### [Exercise details]
Beginning with the line containing "Dan Buettner cùng" and ending at the last line of the records, transcribe each line exactly. Do not include pictures.

### [Image-text web data]
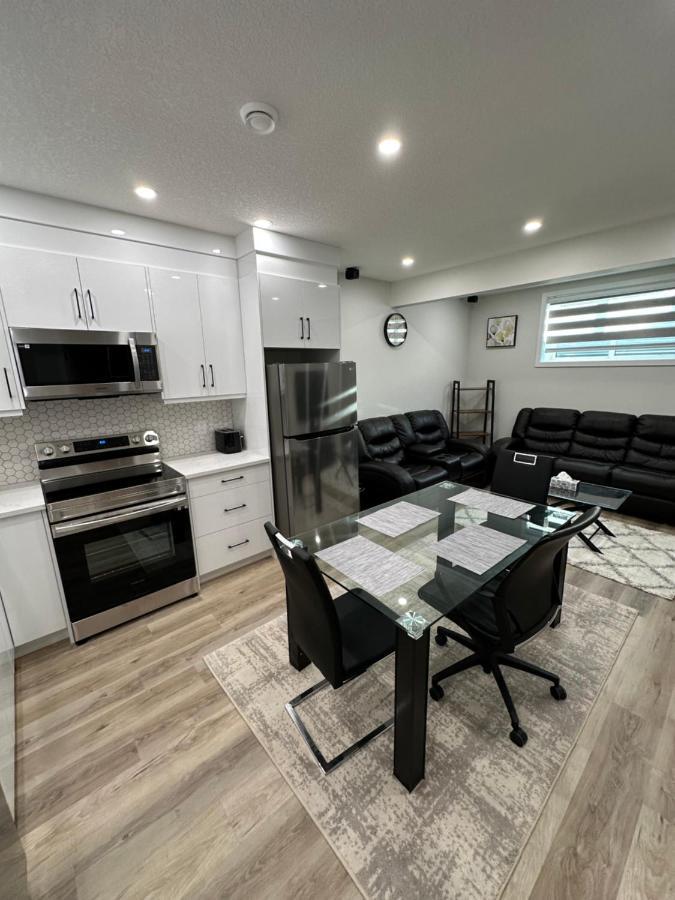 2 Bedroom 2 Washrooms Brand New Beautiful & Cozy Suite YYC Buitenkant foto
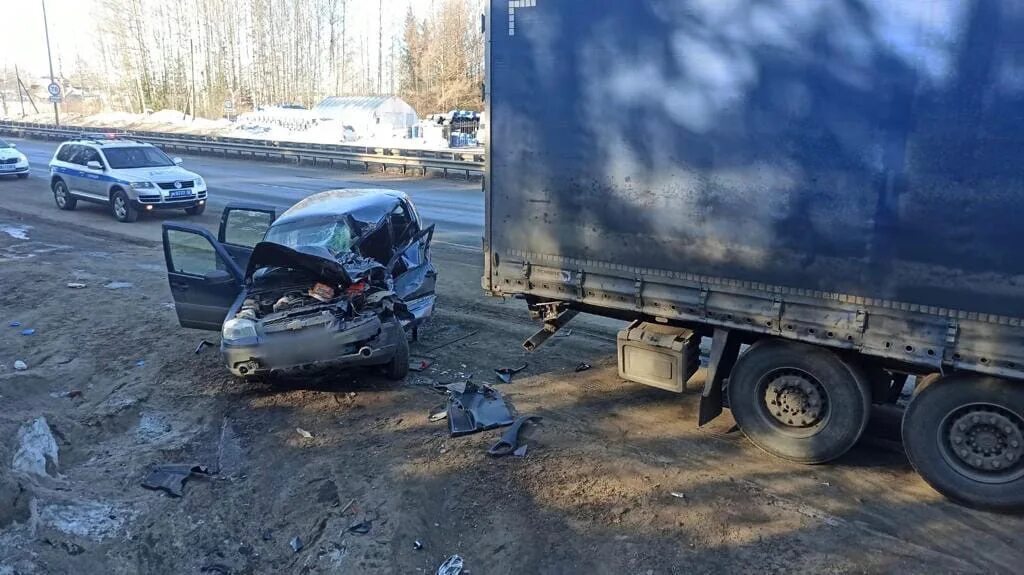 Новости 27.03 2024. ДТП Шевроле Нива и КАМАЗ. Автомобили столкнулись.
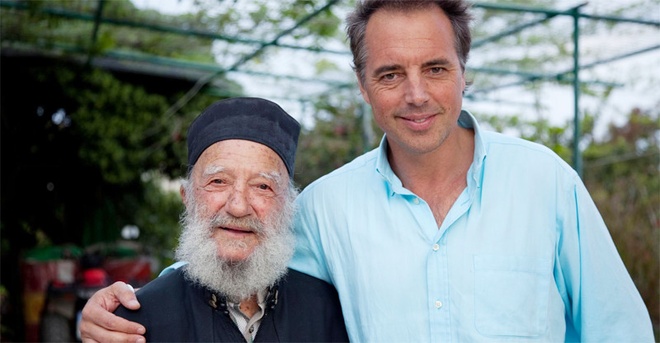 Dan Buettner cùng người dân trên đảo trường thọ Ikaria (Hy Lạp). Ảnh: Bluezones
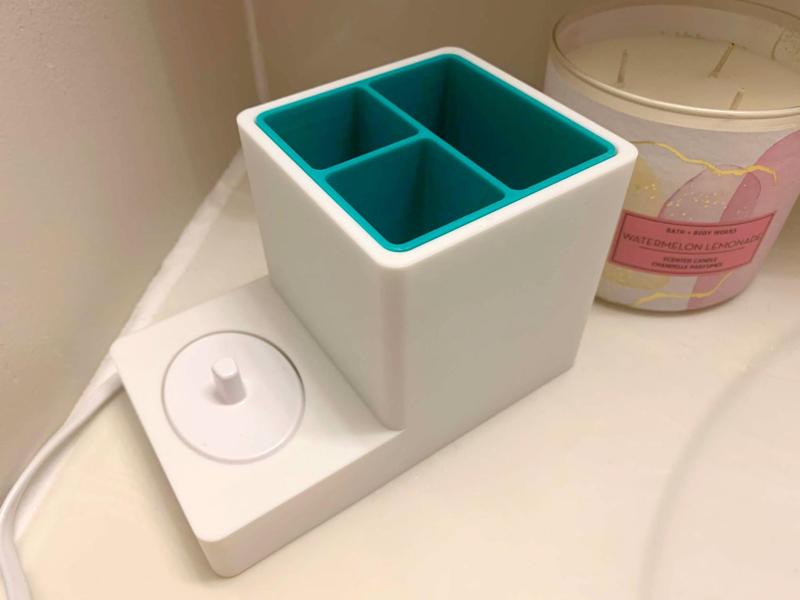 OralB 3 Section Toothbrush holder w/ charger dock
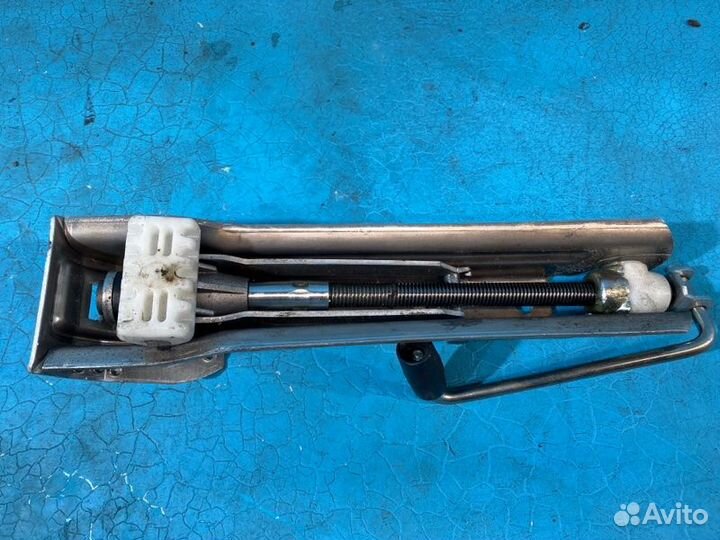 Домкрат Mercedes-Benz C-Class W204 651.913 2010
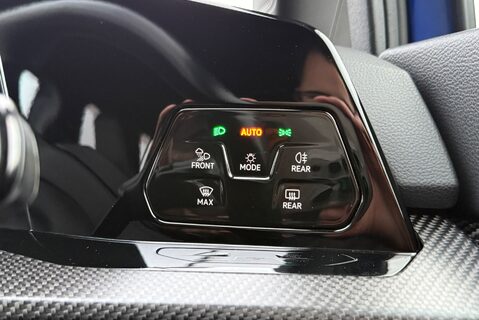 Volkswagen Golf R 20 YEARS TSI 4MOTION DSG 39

### [Answer to this task]
 Dan Buettner cùng người dân trên đảo trường thọ Ikaria (Hy Lạp). Ảnh: Bluezones
 OralB 3 Section Toothbrush holder w/ charger dock
 Домкрат Mercedes-Benz C-Class W204 651.913 2010
 Volkswagen Golf R 20 YEARS TSI 4MOTION DSG 39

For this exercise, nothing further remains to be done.